> Problem to solve
Go through the listing below and write out exactly the lines from the one that mentions "Beige White Mountain elastic sandals" through the one that mentions "Building Photo - 3181 Taper Ave", minus the pictures.

> Extracted data

※ ※ ※

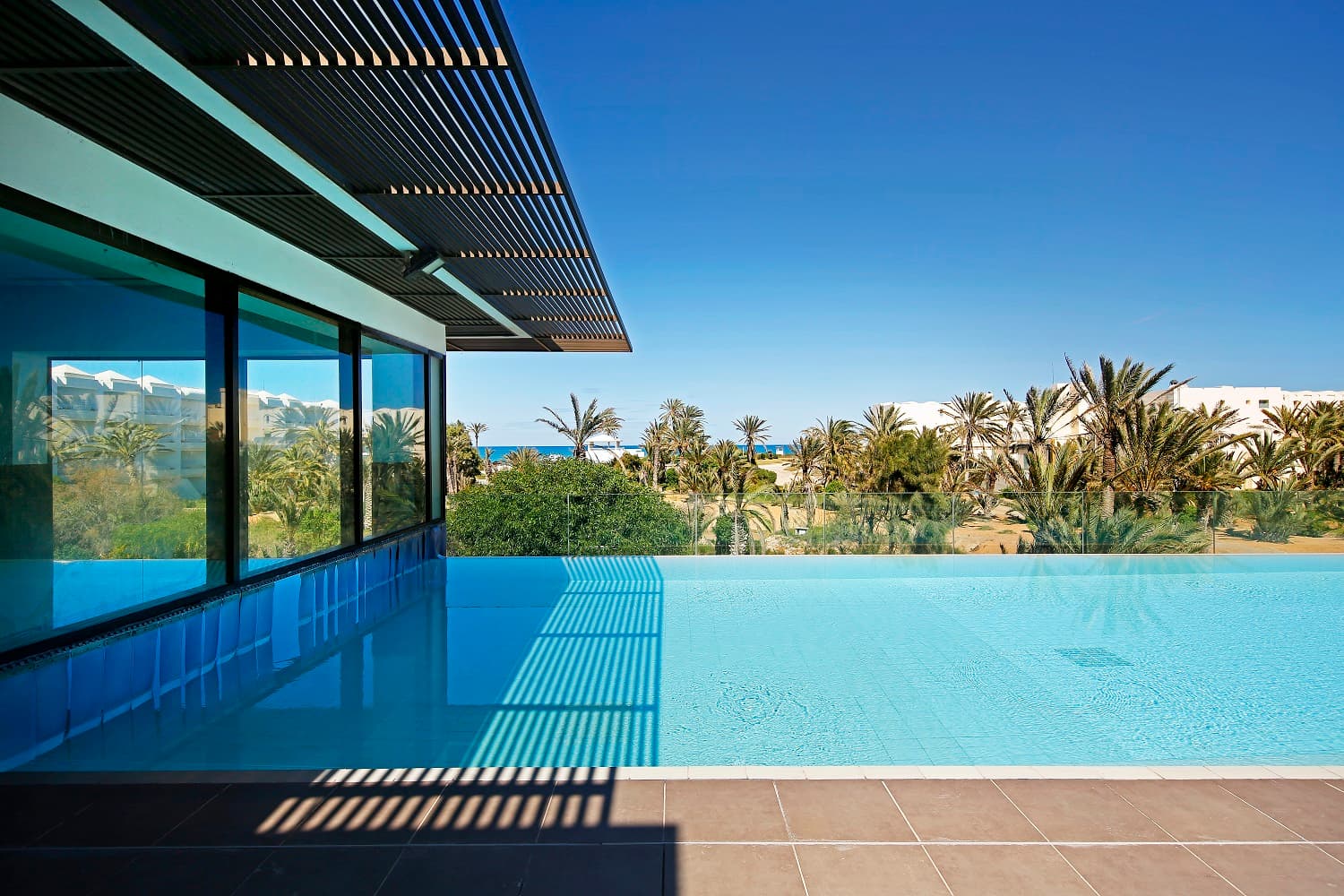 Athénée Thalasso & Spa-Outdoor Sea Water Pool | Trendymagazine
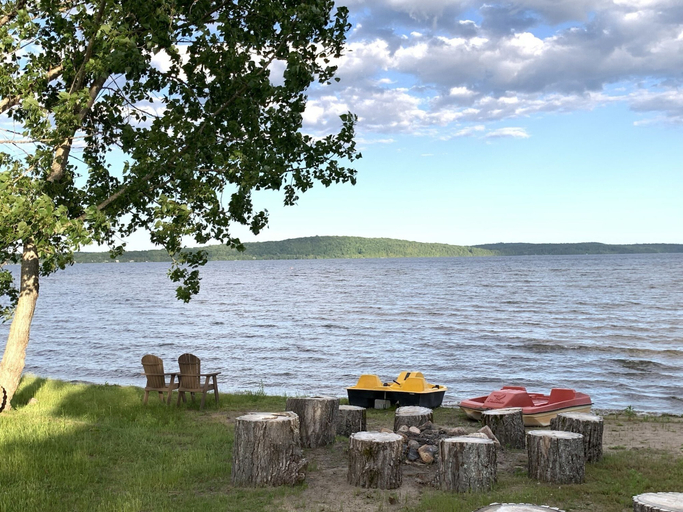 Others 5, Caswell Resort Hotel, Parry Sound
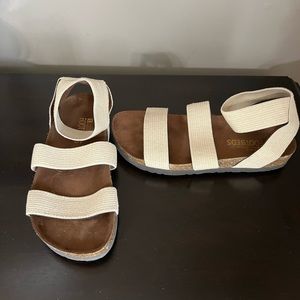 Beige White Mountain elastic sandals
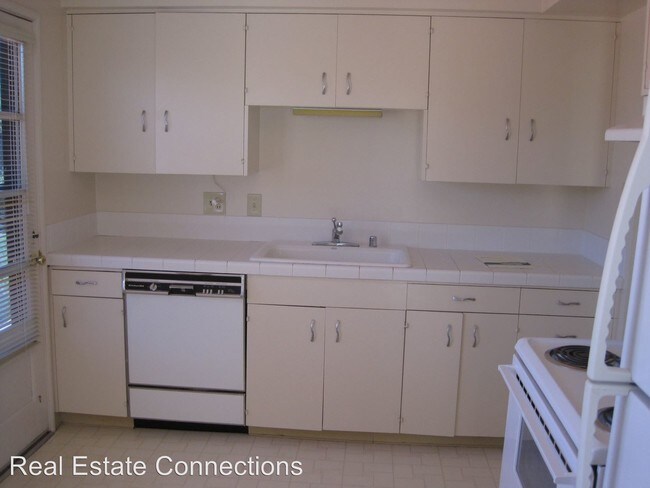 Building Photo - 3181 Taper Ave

※ ※ ※

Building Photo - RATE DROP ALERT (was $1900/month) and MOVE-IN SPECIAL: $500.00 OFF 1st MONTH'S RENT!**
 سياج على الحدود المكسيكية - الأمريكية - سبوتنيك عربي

※ ※ ※

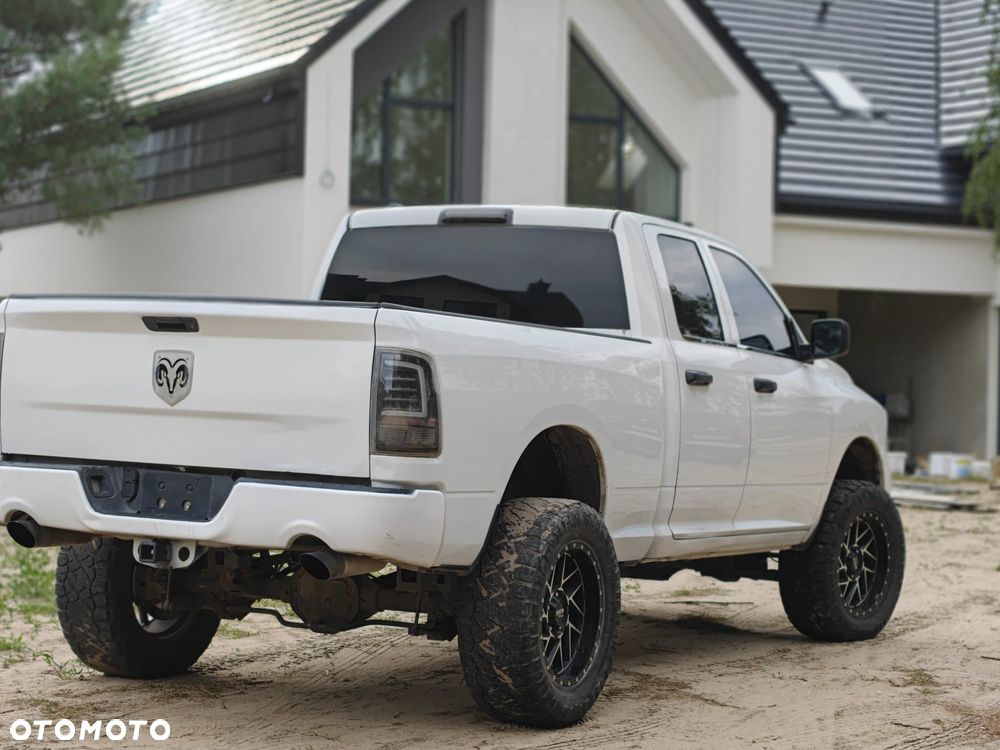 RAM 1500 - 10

※ ※ ※

> Completed task
 Beige White Mountain elastic sandals
 Building Photo - 3181 Taper Ave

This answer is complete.